-- EXERCISE GOAL --
Scan the listing and copy each line where the word "Tonight" is present.

-- THE DATA --

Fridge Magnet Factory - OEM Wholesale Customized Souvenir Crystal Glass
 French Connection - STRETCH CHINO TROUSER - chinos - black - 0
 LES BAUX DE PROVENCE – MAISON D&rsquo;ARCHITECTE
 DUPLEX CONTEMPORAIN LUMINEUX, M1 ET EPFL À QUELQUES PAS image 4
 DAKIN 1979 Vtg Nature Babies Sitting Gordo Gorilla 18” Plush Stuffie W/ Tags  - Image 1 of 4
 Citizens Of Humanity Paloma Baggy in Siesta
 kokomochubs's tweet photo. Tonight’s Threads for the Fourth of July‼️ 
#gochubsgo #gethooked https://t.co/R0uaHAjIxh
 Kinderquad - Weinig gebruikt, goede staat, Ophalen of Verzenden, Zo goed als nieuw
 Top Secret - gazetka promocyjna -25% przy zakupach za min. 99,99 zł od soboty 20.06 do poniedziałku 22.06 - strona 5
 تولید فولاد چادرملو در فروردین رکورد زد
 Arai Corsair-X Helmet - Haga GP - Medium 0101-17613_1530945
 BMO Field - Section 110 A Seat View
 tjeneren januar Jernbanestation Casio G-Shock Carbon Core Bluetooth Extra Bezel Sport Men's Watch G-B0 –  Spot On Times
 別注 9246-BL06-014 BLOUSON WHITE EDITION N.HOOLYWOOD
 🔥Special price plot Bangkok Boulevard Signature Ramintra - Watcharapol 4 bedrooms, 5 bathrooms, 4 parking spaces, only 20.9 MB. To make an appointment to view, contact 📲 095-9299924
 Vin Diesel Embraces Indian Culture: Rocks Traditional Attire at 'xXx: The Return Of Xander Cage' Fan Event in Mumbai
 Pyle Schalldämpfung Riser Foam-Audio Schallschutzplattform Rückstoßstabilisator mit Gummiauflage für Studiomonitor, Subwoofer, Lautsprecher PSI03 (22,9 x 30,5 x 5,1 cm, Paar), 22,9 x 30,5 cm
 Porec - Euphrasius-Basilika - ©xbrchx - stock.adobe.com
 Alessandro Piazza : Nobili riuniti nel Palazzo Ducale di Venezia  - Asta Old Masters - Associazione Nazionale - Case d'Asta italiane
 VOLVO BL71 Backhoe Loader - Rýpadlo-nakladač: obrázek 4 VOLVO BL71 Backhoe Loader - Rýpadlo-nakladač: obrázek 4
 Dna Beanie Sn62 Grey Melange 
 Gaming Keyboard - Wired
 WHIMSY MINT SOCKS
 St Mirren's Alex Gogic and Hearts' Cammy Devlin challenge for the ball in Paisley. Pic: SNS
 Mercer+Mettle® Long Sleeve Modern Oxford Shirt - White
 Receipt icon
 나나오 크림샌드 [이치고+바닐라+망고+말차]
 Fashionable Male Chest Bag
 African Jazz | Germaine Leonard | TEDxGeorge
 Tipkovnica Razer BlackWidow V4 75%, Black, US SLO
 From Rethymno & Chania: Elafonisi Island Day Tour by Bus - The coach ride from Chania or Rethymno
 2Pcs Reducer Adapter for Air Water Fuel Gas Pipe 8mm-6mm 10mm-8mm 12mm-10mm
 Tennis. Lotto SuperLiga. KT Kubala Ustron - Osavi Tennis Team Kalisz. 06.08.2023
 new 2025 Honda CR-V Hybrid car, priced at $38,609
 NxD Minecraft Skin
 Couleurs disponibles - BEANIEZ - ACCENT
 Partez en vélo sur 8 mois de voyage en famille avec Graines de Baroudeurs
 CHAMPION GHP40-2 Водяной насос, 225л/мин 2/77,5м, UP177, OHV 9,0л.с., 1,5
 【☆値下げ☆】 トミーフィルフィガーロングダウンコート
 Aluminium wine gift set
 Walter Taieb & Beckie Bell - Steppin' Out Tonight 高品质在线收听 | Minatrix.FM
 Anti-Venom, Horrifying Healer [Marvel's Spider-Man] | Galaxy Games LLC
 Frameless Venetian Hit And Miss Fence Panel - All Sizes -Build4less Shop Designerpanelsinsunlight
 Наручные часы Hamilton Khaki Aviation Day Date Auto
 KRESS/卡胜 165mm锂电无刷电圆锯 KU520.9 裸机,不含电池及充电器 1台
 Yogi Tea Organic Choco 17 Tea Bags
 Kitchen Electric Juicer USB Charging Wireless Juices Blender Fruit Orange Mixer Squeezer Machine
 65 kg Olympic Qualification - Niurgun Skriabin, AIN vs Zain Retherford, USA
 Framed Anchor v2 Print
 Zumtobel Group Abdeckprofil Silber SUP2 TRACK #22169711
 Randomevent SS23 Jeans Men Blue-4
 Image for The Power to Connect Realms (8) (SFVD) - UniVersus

-- ANSWER SECTION --
 kokomochubs's tweet photo. Tonight’s Threads for the Fourth of July‼️ 
 Walter Taieb & Beckie Bell - Steppin' Out Tonight 高品质在线收听 | Minatrix.FM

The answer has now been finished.